Half Past Human
- Cover of first edition (paperback)
- Author: T. J. Bass
- Language: English
- Series: The Hive series
- Genre: Science fiction
- Publisher: Ballantine Books
- Publication date: 1971
- Publication place: United States
- Media type: Print (Paperback)
- Pages: 279
- ISBN: 0-345-02306-4
- OCLC: 2437954
- Followed by: The Godwhale

= Half Past Human =

1971 novel by T. J. Bass

Half Past Human is a fixup science fiction novel by American author T. J. Bass, published in 1971. Two short stories were combined and fleshed out to form this novel: "Half Past Human", first published in Galaxy Science Fiction in December 1969, and "G.I.T.A.R.", first published in If in November and December 1970. The novel belongs to the Hive series, which also includes The Godwhale.

Bass' Hive series of stories are replete with obvious and not-so-obvious references to nomenclature commonly used in pathology, including eponymic puns (note a male character's observation of a female character's attractive "Howell-Jolly body").
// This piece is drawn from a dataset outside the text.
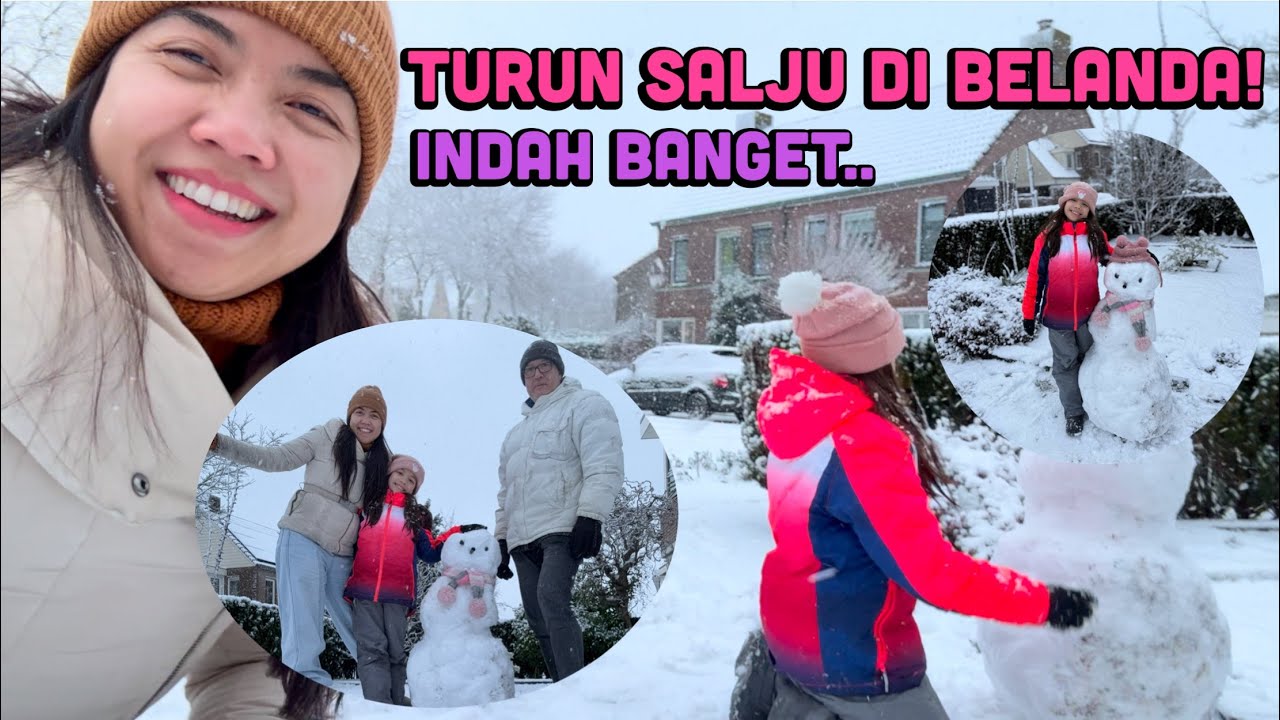 TAHUN BARU, BELANDA DIGUYUR SALJU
Half Past Human was nominated for the Nebula Award for Best Novel in 1971.

==Plot summary==

Bass' future Earth is an environment in which the sum of the biota serves as its food chain. Human science has created the four-toed Nebish, a pallid, short-lived and highly programmable humanoid who has had the elements that do not facilitate an underground Hive existence (aggression, curiosity, etc.) bred out of it. The five-toed humans (called buckeyes) wander the biofarms that keep the trillions of Earth's Nebish population fed. All vertebrates other than man and rat are extinct, so meat comes from other humans (and the occasional rat). The conflict between the Hives and the roving bands of five-toed original Humans, who are reduced to savagery and hunted like vermin by Hive Hunter Control, forms the backdrop of this novel.

The story begins as Old Man Moon and his dog Dan wander the fields. They are genetic experiments with their biological clocks stopped. They encounter Toothpick, a companion cyber from the days when technology was more advanced before the hive decline. Toothpick urges Moon to pick him up, but Moon does not like cybers—they work for the Hive. Toothpick promises food and when he makes good on his promise that an electrical storm will short circuit the agromecks from reporting his pilfering of the gardens, Moon considers Toothpick's offer of companionship. Toothpick explains he is a companion cyber, and when he promises new teeth for Moon and Dan, Moon agrees and the three set off on Toothpick's unstated mission.

Something strange is happening, as the primitive buckeyes are showing signs of a purpose whose goal is unclear and probably dangerous to the balance of the Hive. There seems to be a third party stirring the pot, campaigning in a relentlessly successful battle with the computer minds that keep this "brave new world" in balance. Agendas beyond the ken of their protagonists begin to come into play, and an epic battle between the Four- and the Five-toed is looming.